The two traditional ruling parties - the Social Christian Party known as COPEI and the social-democratic Democratic Action - made a desperate, last-minute move to ditch their candidates and back Henrique Salas Romer, a single pro- establishment politician. Despite this attempt, Chávez attracted nearly 57 percent of the vote with a campaign that rested on anticorruption rhetoric and promises that, if elected, he would bring stability to the country.

It was the first time in 40 years that a capitalist politician not belonging to Venezuela's dominant ruling-class parties has won an election. Chávez is scheduled to take office February 2.

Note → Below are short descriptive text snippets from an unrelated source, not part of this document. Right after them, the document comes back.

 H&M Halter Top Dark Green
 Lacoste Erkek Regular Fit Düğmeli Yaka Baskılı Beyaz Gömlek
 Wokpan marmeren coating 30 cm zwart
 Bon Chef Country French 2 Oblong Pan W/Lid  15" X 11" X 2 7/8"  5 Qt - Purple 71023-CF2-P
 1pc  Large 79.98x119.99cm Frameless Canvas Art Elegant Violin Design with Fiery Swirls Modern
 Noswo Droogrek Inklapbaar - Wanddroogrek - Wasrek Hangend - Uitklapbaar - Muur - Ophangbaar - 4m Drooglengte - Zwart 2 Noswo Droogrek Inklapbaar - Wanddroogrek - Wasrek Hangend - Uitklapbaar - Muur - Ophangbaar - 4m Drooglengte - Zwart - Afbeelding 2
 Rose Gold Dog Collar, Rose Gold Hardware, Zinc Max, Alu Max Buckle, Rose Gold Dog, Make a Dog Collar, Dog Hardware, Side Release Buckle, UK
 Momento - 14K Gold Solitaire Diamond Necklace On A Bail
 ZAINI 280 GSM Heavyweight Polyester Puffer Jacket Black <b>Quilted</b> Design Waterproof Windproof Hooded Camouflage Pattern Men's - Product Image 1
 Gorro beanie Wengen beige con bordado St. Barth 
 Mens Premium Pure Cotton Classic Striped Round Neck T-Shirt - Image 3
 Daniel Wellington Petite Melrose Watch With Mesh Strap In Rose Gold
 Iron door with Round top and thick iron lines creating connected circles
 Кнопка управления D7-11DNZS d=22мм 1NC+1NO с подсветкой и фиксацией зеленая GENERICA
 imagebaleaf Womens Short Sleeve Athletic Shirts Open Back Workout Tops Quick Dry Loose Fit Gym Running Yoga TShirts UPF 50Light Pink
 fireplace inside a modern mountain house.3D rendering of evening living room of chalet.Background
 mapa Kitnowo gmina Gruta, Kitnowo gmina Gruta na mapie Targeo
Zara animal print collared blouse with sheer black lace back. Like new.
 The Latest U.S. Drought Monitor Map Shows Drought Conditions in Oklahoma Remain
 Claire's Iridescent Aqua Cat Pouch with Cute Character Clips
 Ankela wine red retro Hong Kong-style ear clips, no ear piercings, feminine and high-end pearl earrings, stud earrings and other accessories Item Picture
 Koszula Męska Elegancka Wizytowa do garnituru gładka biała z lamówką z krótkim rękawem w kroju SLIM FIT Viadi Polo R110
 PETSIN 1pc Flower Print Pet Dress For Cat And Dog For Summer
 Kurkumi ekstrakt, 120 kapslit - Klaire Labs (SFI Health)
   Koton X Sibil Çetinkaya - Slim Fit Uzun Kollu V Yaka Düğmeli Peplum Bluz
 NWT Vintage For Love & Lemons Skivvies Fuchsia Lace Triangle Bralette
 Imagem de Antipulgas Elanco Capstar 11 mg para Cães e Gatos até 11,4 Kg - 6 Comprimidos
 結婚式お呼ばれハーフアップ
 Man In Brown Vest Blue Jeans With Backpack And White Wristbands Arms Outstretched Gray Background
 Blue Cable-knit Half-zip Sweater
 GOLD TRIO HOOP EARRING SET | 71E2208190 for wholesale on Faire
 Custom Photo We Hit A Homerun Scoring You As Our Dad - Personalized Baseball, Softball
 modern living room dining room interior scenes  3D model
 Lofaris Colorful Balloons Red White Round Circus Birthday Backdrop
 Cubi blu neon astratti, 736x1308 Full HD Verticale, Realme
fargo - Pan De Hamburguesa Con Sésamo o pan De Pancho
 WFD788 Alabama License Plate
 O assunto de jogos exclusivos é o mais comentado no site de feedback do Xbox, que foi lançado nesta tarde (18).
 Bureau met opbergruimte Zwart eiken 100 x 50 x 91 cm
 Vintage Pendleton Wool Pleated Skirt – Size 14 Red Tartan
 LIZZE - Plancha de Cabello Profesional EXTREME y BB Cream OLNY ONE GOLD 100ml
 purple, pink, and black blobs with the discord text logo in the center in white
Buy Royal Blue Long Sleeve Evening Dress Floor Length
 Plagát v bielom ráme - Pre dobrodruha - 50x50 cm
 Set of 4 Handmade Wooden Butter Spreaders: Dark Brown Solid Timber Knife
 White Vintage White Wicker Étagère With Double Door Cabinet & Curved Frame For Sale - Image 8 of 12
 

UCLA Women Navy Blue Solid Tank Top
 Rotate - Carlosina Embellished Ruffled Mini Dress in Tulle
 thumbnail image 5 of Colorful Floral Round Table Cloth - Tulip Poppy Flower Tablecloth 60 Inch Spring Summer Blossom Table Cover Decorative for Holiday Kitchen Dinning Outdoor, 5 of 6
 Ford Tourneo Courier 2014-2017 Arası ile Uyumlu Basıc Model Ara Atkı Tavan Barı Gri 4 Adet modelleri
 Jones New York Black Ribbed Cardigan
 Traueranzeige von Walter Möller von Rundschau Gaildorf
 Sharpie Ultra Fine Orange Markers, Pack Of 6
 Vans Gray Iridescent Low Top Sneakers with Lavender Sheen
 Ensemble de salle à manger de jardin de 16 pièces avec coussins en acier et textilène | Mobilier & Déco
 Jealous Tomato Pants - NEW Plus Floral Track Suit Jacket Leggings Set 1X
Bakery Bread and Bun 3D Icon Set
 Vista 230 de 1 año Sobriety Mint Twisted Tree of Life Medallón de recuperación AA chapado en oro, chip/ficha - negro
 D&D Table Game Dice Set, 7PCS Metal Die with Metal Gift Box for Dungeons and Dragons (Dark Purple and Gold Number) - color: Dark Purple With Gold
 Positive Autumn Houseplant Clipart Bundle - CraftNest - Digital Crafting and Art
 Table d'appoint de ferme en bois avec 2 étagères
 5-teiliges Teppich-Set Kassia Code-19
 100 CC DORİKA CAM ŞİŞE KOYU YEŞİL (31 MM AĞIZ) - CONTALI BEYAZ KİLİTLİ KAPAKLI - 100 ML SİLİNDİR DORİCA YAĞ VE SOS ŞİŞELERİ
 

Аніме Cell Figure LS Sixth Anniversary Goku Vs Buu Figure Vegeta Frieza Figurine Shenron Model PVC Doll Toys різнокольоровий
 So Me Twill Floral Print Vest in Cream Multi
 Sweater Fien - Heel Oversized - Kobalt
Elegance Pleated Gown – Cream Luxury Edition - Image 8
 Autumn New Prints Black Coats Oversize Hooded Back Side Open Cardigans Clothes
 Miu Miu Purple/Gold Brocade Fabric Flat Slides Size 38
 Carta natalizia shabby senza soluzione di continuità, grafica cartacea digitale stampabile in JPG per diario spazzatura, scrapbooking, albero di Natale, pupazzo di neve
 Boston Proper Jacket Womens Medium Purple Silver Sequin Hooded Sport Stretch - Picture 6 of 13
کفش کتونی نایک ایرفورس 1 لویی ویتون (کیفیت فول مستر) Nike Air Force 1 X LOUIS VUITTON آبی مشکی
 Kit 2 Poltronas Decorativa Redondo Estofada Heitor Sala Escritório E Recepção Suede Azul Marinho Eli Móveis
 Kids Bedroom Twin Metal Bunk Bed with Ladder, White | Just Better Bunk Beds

The global capitalist crisis has wreaked havoc with the Venezuelan economy. Depression conditions have progressively spread and worsened since the end of the oil boom a decade and a half ago. Various administrations have tried to ram austerity measures down the throats of working people to appease imperialist bondholders. As a result, more than 70 percent of the population lives in poverty in a country that's among the largest oil exporters in the world.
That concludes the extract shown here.